##### GIVEN MATERIAL #####
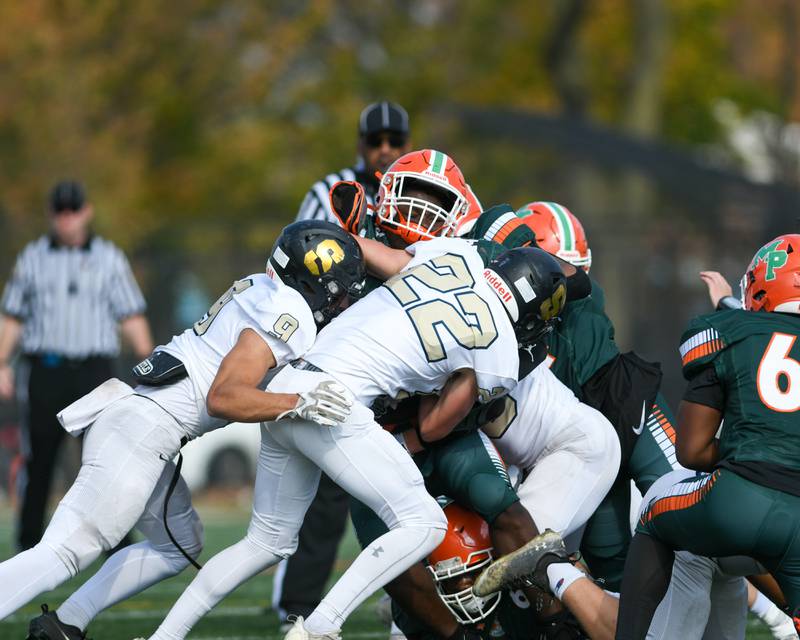 Sycamore's teammates Caden O'donnell (22) and Miles Galindo (9) take down a Morgan Park ball carrier during the second quarter on the game on Saturday Nov. 4, 2023, held at Gately Stadium in Chicago.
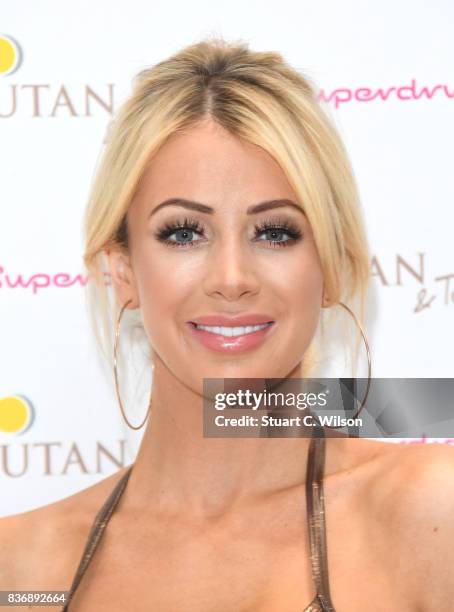 Olivia Attwood celebrates the nationwide launch of 'UTan & Tone' into Superdrug stores at Superdrug, Westfield White City on August 22, 2017 in...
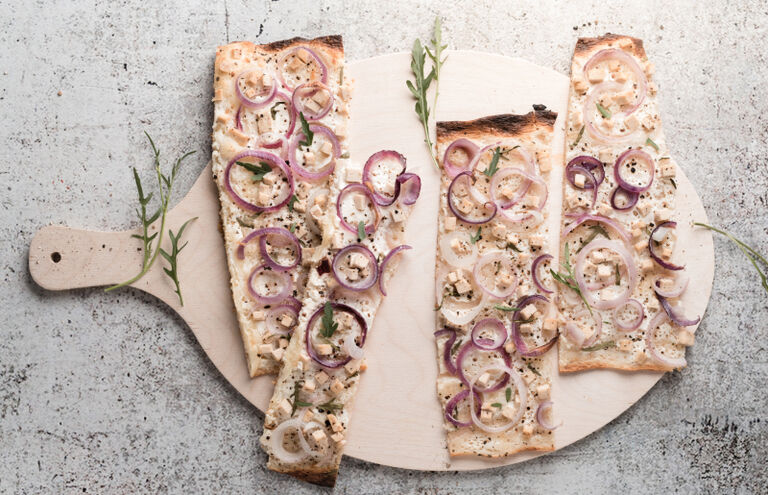 Vier Stücke Flammkuchen mit Zwiebelringen und Feta auf einem Holzbrett.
#####
DIRECTIONS: In the copy, only the lines from the one holding "Olivia Attwood celebrates" through the end of the listing above should appear, retyped exactly, both ends included, with no pictures.

COMPLETED EXERCISE:
 Olivia Attwood celebrates the nationwide launch of 'UTan & Tone' into Superdrug stores at Superdrug, Westfield White City on August 22, 2017 in...
 Vier Stücke Flammkuchen mit Zwiebelringen und Feta auf einem Holzbrett.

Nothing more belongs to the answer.